O mercado internacional de fertilizantes voltou a operar sob forte tensão diante do risco de restrição na oferta de fosfatados, insumo considerado essencial para a produtividade agrícola e sem substituto direto na nutrição das lavouras.

O alerta foi feito por Bruce Bodine, CEO da Mosaic, durante teleconferência com analistas do setor. Segundo o executivo, a disponibilidade global de fosfato poderá não ser suficiente para atender toda a demanda mundial nos próximos meses.
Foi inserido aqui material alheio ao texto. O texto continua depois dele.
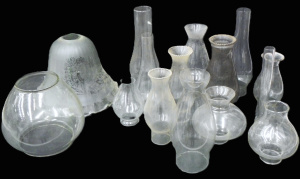 Lot 014 - Group of vintage glass oil lamp chimneys and lightshades - largest 19c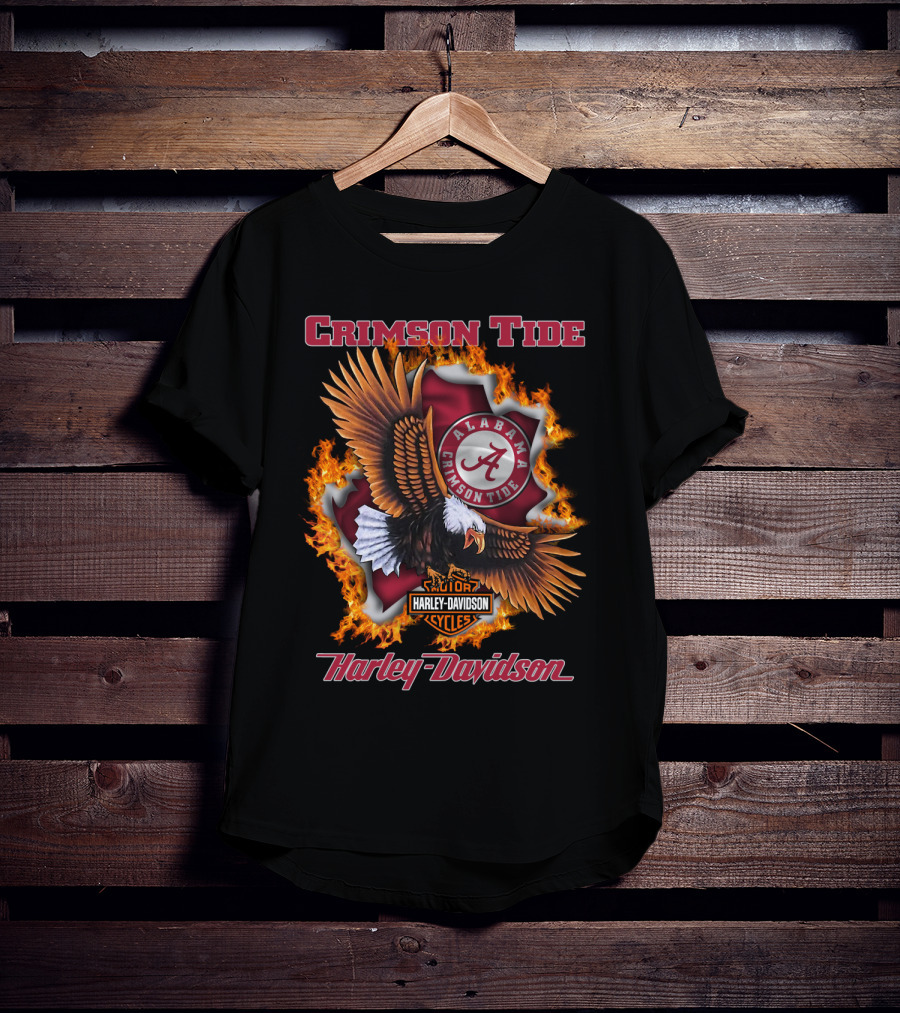 Crimson Tide Alabama Crimson Tide Harley Davidson Cycles Eagle Flame T-Shirt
Conflitos internacionais pressionam cadeia global de fertilizantes

De acordo com a avaliação da companhia, o cenário é agravado pelas tensões geopolíticas envolvendo importantes regiões produtoras e exportadoras de matérias-primas utilizadas na fabricação de fertilizantes fosfatados.

Entre os principais fatores de pressão estão:

  • Instabilidade no Oriente Médio
  • Impactos logísticos relacionados à guerra na Ucrânia
  • Restrições em rotas marítimas estratégicas
  • Oferta limitada de enxofre e fosfato

Segundo Bodine, aproximadamente 20% do fosfato e metade do enxofre transportados por via marítima têm origem no Oriente Médio, aumentando a vulnerabilidade da cadeia global de suprimentos.

Fósforo é insumo estratégico para produtividade das lavouras

O fósforo é um dos nutrientes fundamentais para o desenvolvimento das plantas, atuando diretamente no crescimento radicular, na formação de grãos e no desempenho produtivo das culturas agrícolas.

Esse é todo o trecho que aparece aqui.